Me han dicho que tan sólo unos años más tarde esa misma zona habría de convertirse en lugar de peregrinaje de jóvenes de pelo largo con aspiraciones literarias. El poder del mito. Así, de pronto, ya estaba frente a la puerta señalada. Toqué el timbre esperando que me abriera cualquier persona menos Bolaño. Pero fue él quien lo hizo, con su pelo alborotado, los lentes medio caídos y una sonrisa entrañable. Era como si desde el primer momento quisiera hacerme sentir en casa, a pesar de la distancia que nos separaba de nuestros respectivos países de origen. Tuve la rara sensación de que era como volver a estar con un amigo a quien nunca había conocido antes en persona. Una familiaridad que sólo aparecía ante ciertos autores que uno admiraba y que ellos agradecían en silencio con su amabilidad.
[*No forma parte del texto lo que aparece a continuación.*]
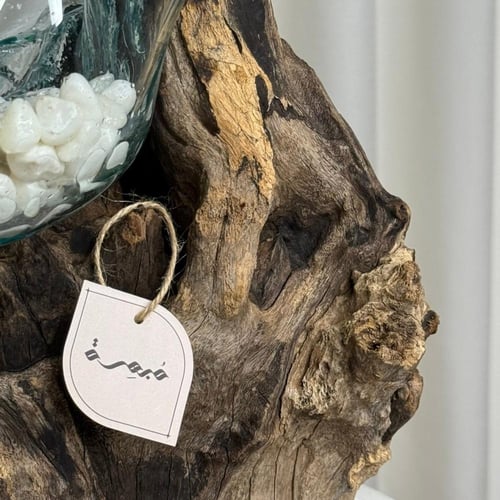 خشب طبيعي مع زجاج مُنصهر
Nos sentamos en un amplio living. Su mujer nos sirvió unos cafés con algo para picar mientras hablábamos. Pero esta charla previa no era parte del reportaje. Es más, parecía como si él me estuviera entrevistando a mí en vez de yo a él. No recuerdo casi nada de lo que se dijo en ese momento porque eran trivialidades sobre los viajes, personas que ambos conocíamos, algo de política y el tema del momento, la llegada del nuevo milenio. Incluso me acuerdo que estuvimos un rato hablando de cine y tampoco lo consideré muy importante. Hoy en día aún a veces me reprocho no haber encendido el grabador para que todo eso quedara documentado y eventualmente luego decidir si valía o no la pena transcribirlo y usarlo para la nota que iba a publicar.
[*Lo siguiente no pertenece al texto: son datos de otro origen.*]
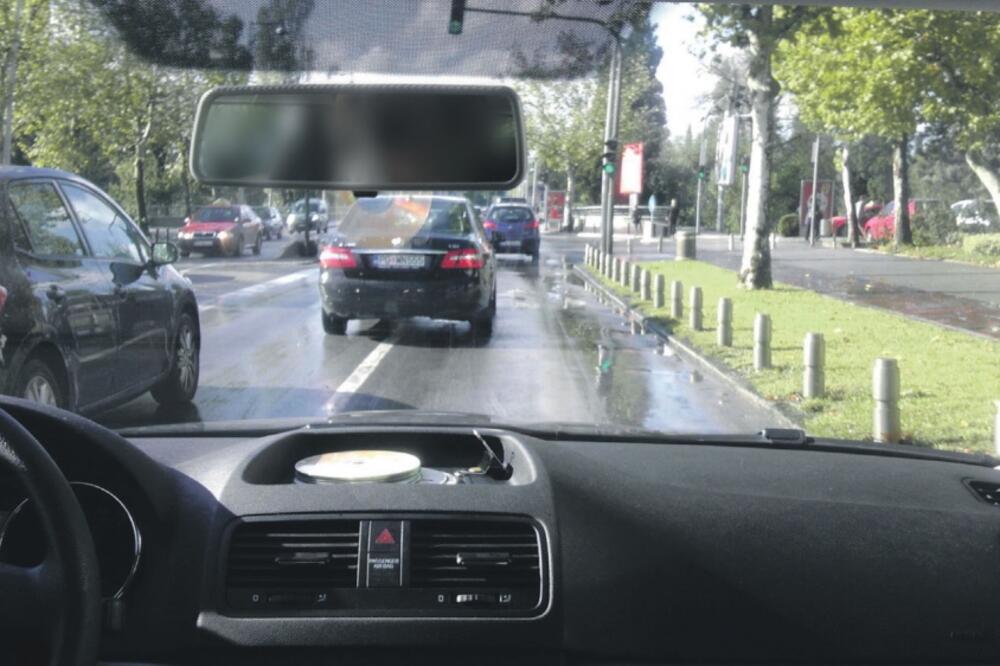 Svetozar Marović, službeno vozilo, Foto: Tina Radulović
Pero cuando saqué finalmente el grabador y me dispuse a comenzar formalmente el reportaje Bolaño se puso de pie diciendo que tenía hambre. El viaje desde Alemania le había abierto el apetito. Me preguntó si me gustaba la comida china, mi favorita en esa época, y ante mi respuesta positiva anunció que iríamos a almorzar a su restaurante favorito, muy cerca, sobre la playa, casi a la vuelta de la esquina. Así que llamó a su mujer, a su hijo Lautaro, y yo me sumé al clan como un nuevo miembro más. Era casi como un domingo en familia.